## The problem
Note on the material below: return exactly the lines from the line that holds "Australians call for" through the line that holds "11 - 7735 Okanagan", and leave out each picture.

## Entries shown
*-*-*
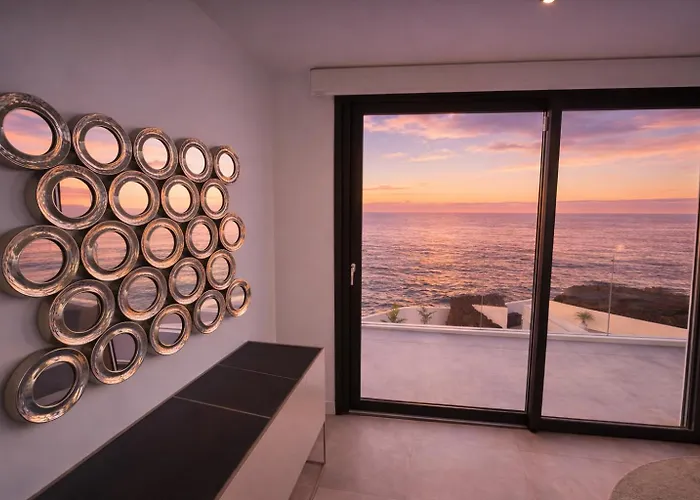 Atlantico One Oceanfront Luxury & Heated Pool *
*-*-*
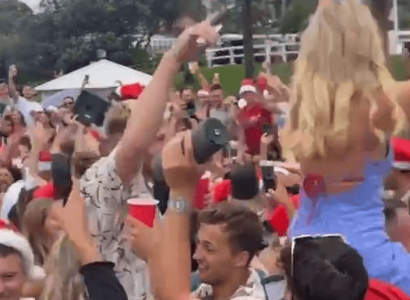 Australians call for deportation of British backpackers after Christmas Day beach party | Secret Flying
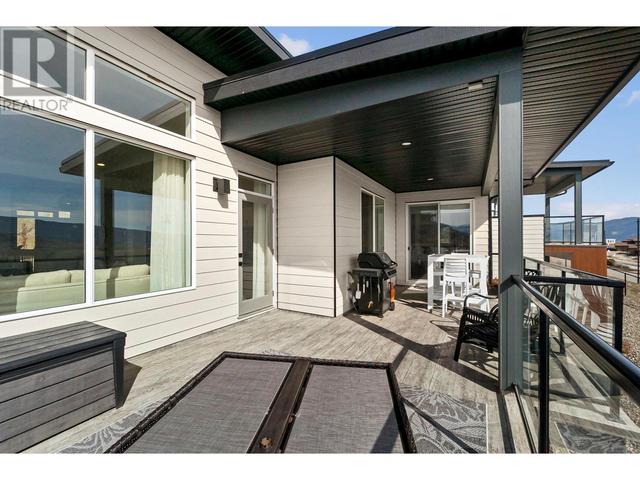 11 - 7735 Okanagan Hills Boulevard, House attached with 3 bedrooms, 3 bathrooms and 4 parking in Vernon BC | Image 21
*-*-*
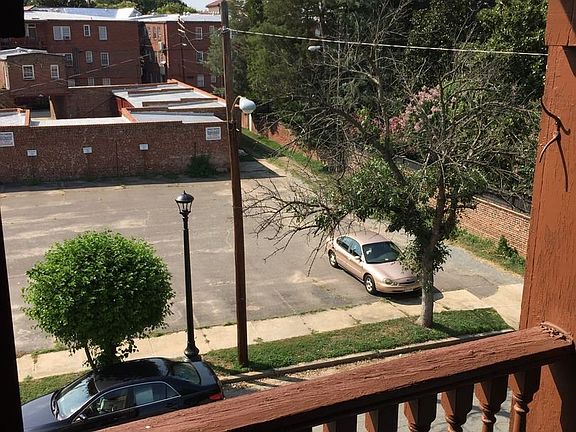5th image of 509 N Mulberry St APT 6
*-*-*
## Solution to this problem
 Australians call for deportation of British backpackers after Christmas Day beach party | Secret Flying
 11 - 7735 Okanagan Hills Boulevard, House attached with 3 bedrooms, 3 bathrooms and 4 parking in Vernon BC | Image 21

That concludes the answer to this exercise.